» **MATERIAL TO PROCESS**

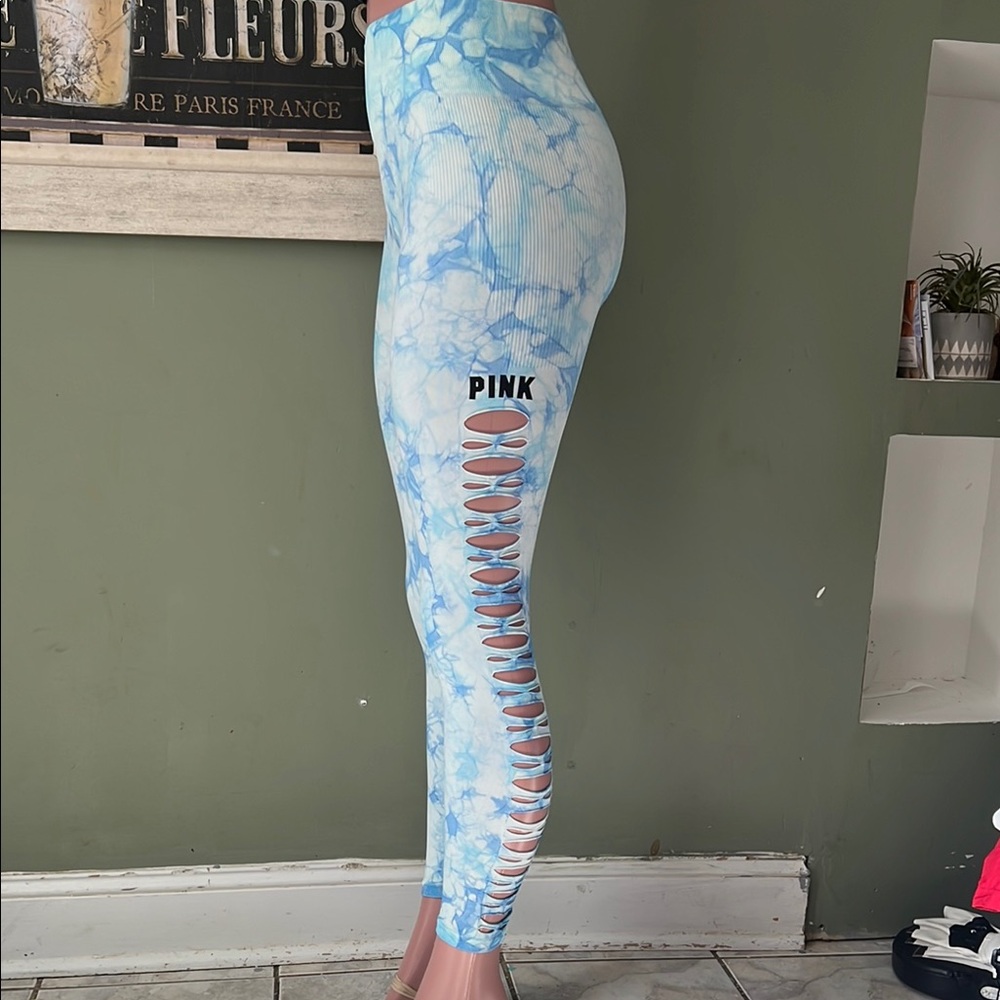 PINK
VICTORIA'S SECRET
COOL& COMFY leggings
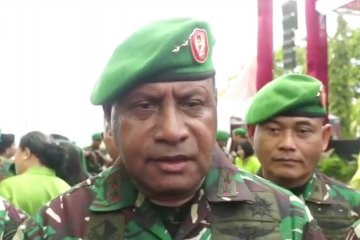 Wakasad Letjen TNI Herman Asaribab meninggal dunia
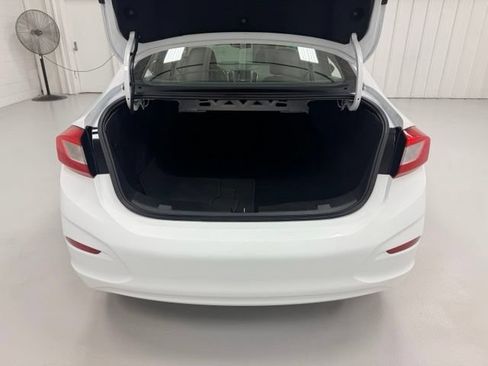 Certified 2019 Chevrolet Cruze LT w/ LT Fleet Convenience Package FWD image 19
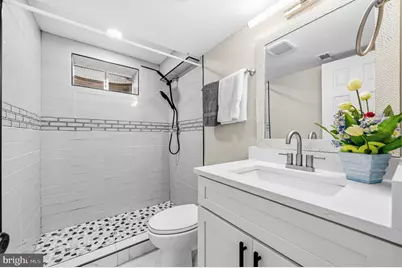 [Address not provided], Temple Hills, MD 20748 - Photo 32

» **EXERCISE BRIEF**
From the material above, print everything exactly except the pictures.

» **RESPONSE FOR THIS EXERCISE**
 PINK
VICTORIA'S SECRET
COOL& COMFY leggings
 Wakasad Letjen TNI Herman Asaribab meninggal dunia
 Certified 2019 Chevrolet Cruze LT w/ LT Fleet Convenience Package FWD image 19
 [Address not provided], Temple Hills, MD 20748 - Photo 32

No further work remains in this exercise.